*** Opening Data records ***

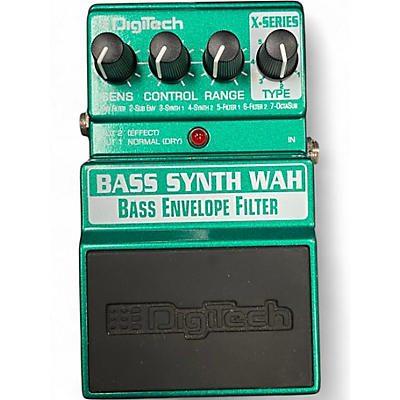 Used DigiTech XBW Bass Synth Wah Bass Effect Pedal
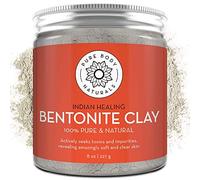 Pure Body Naturals - Arcilla Sanadora De Bentonita India De Pure Body Naturals - 16 Oz - 100% Bentonita De Sodio Pura - Grado Terapéutico - Cuidado Facial, Limpieza Profunda En Los Poros, Desintoxicación, Revitalización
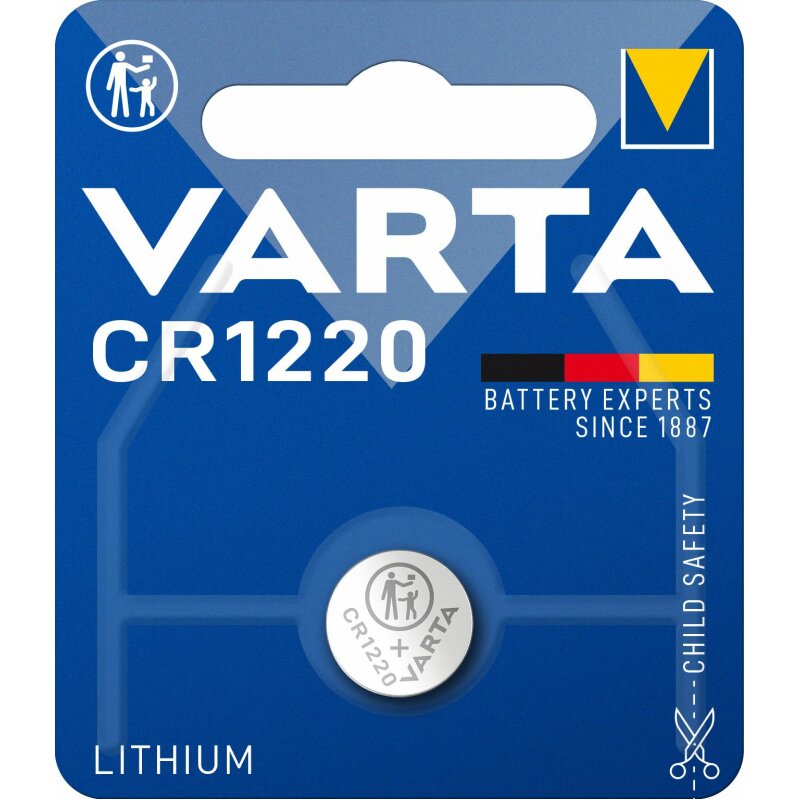 

Батарейка литиевая Varta Professional Electronic, CR1220 (Ø12.0x2.0мм), 3В, 1 шт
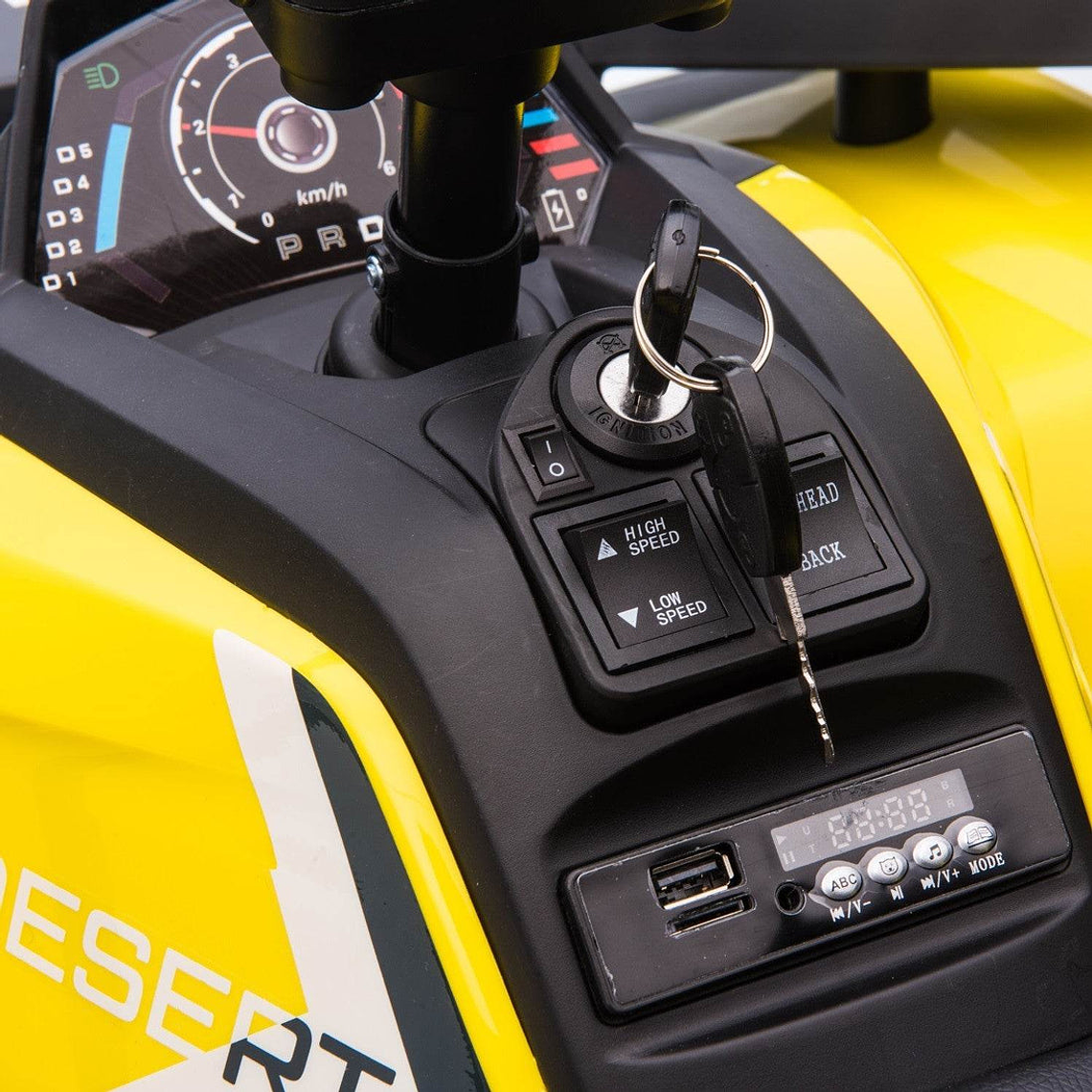 Vehículo Infantil Amarillo ATV 12V 4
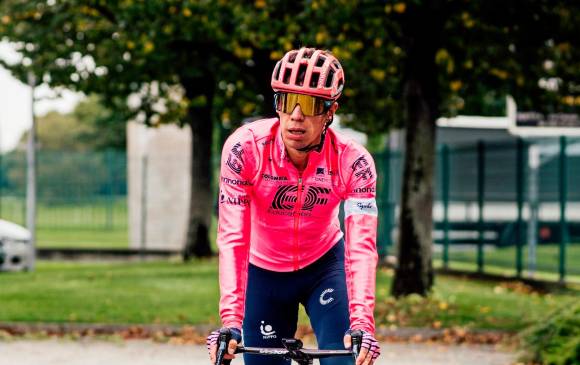 El antioqueño fue el mejor colombiano en la competencia que ganó el esloveno Tadej Pogačar del UAE. FOTO TOMADA @EFprocycling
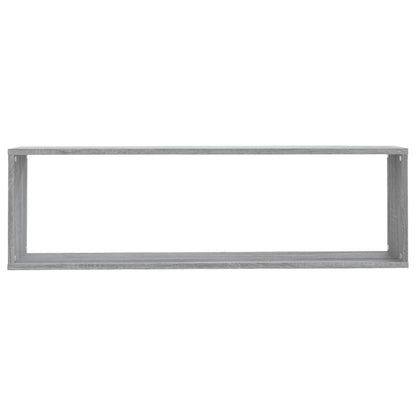 Mensole Cubo Muro 2pz Grigio Sonoma 100x15x30 Legno Multistrato | homemem39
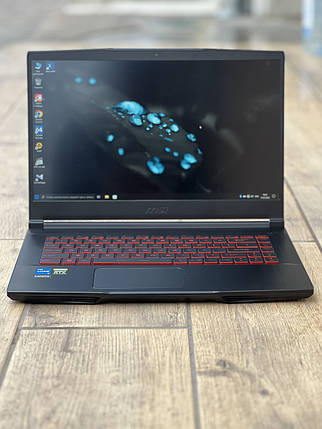 Ігровий ноутбук Msi GF63 - 15.6" FHD IPS 144Hz|intel core i5 11400H|RAM 16GB|SSD 256GB + 1TB HDD| RTX 3050, фото 1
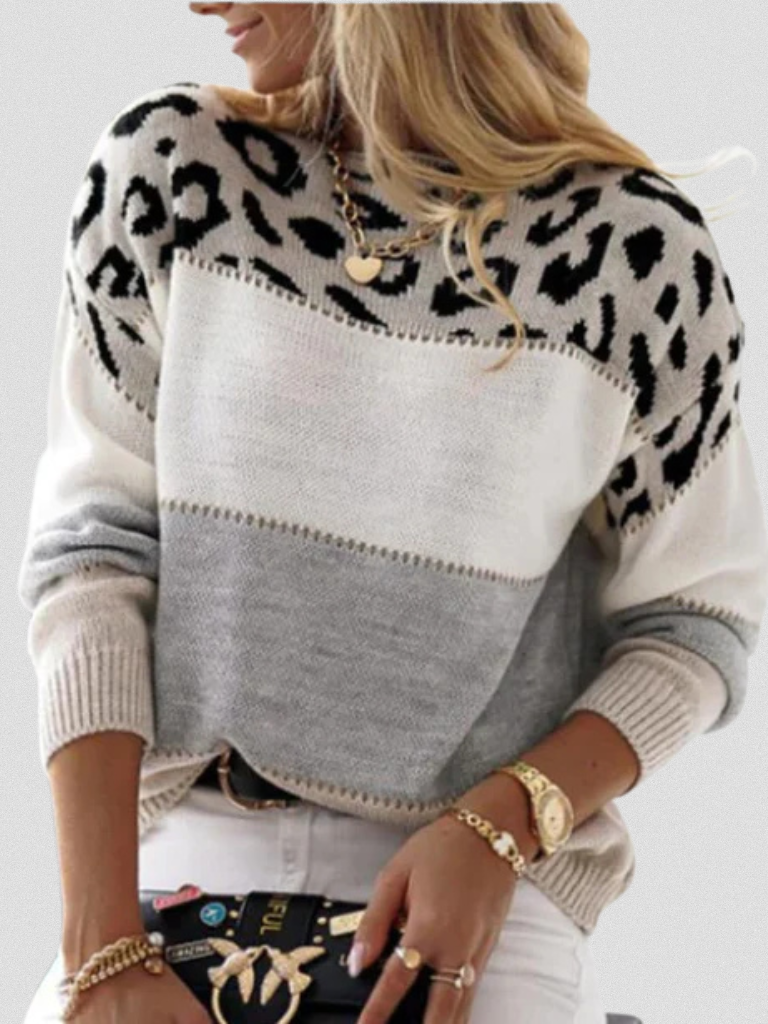 EMMA | Leopard Accent Sweater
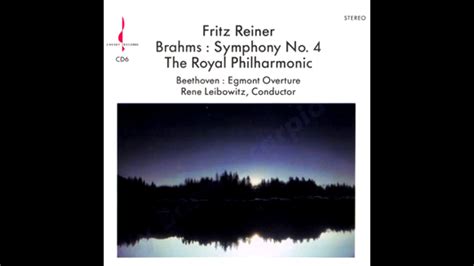 BRAHMS Symphony No 4 In E Minor Op 98 Reiner Royal Philharmonic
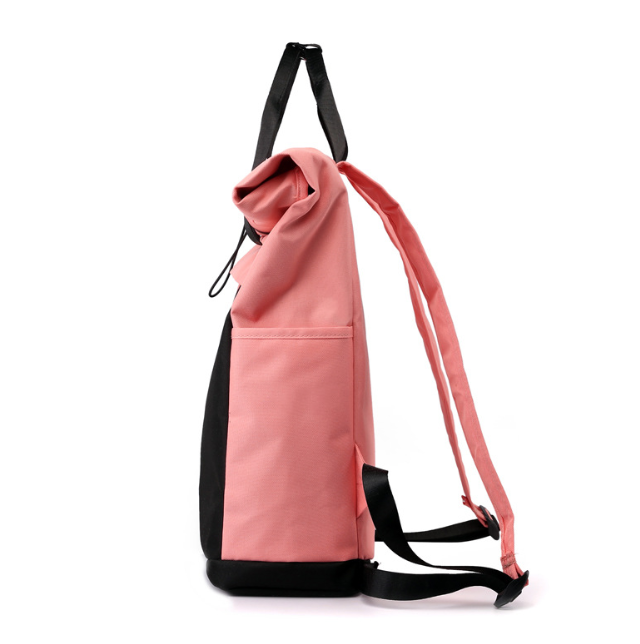 새로운 도착 패션 재활용 Rpet 롤탑 배낭 패션 롤탑 배낭 데이 팟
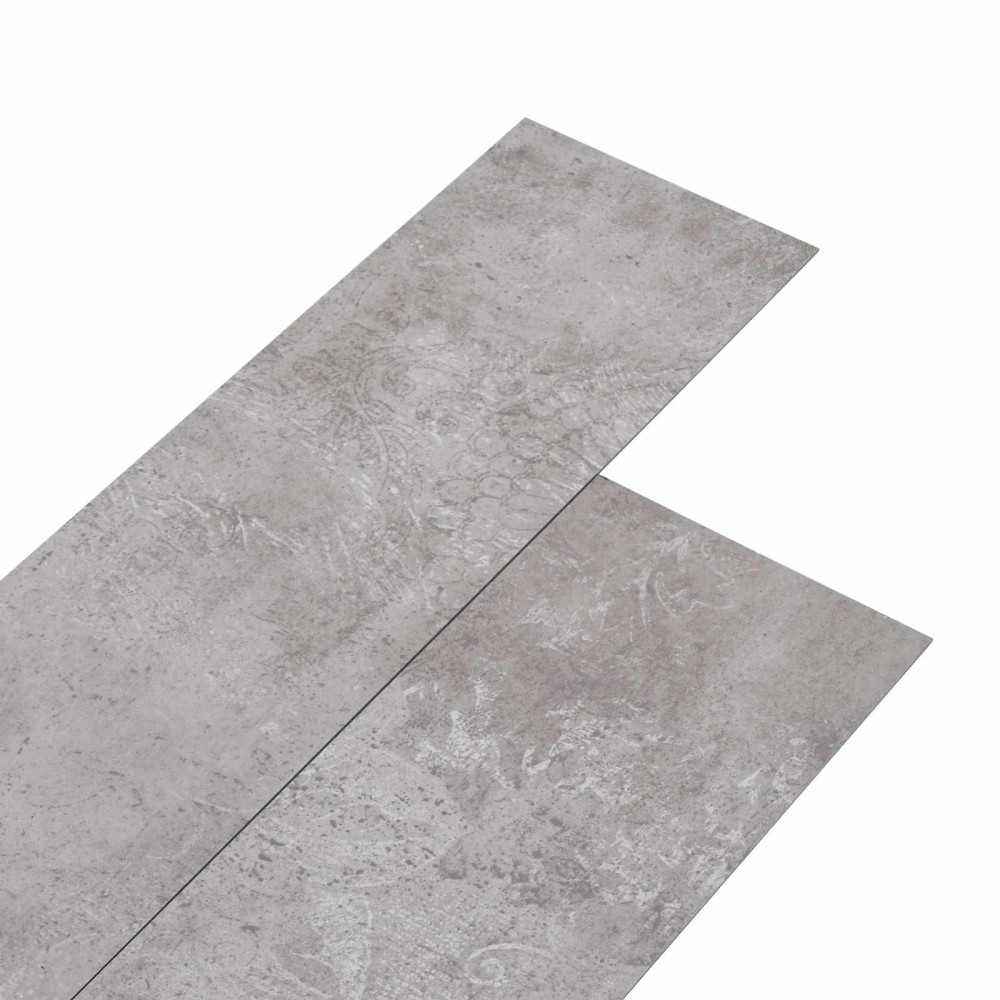 Produktbild för Golvplankor 36 pcs Jordgrå 5,02 m² PVC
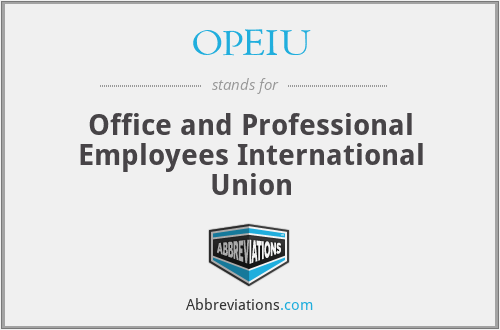 OPEIU - Office and Professional Employees International Union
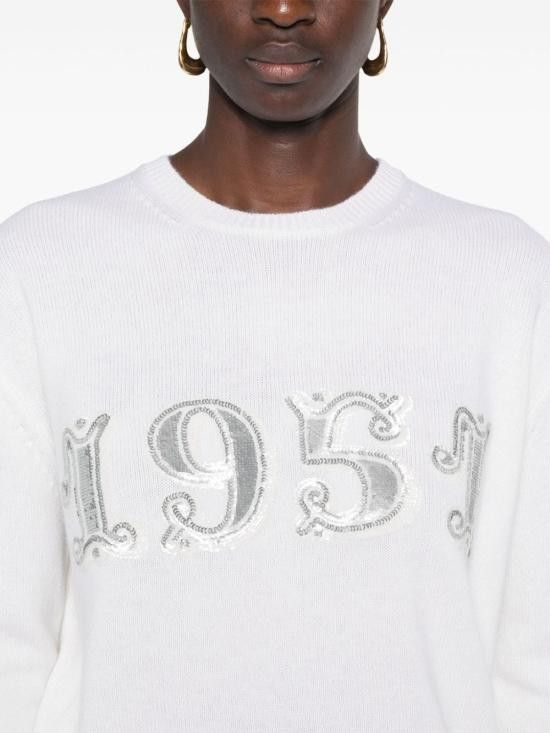 Max Mara MAX MARA Women Sweater 21366222600 044 White Size M / US 6-8 / IT 42-44 - 5 Thumbnail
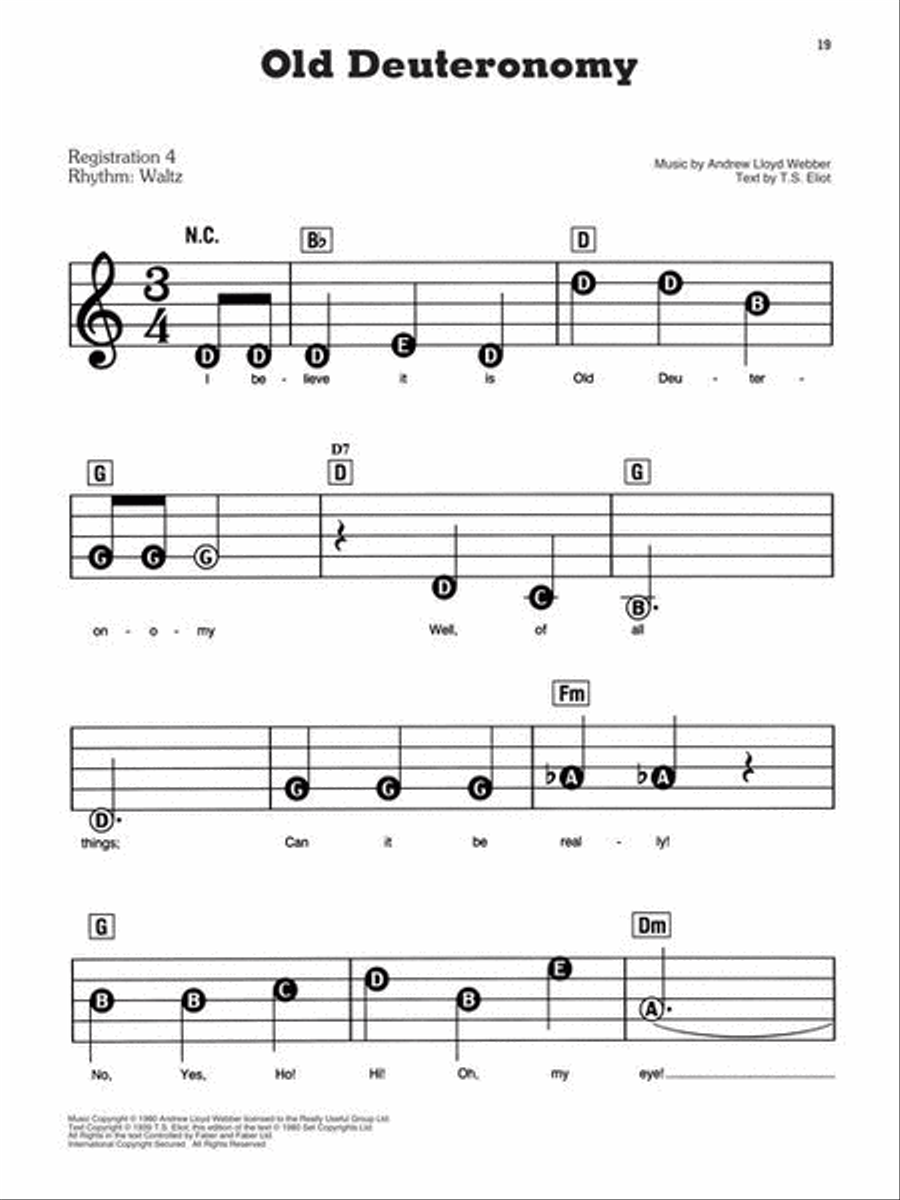 Cats Cats Electronic Keyboard scores gallery preview page 5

*** Closing Data records ***

What the task requires:
Reproduce the records exactly, starting with their first line and ending with the line that contains "Mensole Cubo Muro", though pictures should be dropped.

Response to this exercise:
 Used DigiTech XBW Bass Synth Wah Bass Effect Pedal
 Pure Body Naturals - Arcilla Sanadora De Bentonita India De Pure Body Naturals - 16 Oz - 100% Bentonita De Sodio Pura - Grado Terapéutico - Cuidado Facial, Limpieza Profunda En Los Poros, Desintoxicación, Revitalización

Батарейка литиевая Varta Professional Electronic, CR1220 (Ø12.0x2.0мм), 3В, 1 шт
 Vehículo Infantil Amarillo ATV 12V 4
 El antioqueño fue el mejor colombiano en la competencia que ganó el esloveno Tadej Pogačar del UAE. FOTO TOMADA @EFprocycling
 Mensole Cubo Muro 2pz Grigio Sonoma 100x15x30 Legno Multistrato | homemem39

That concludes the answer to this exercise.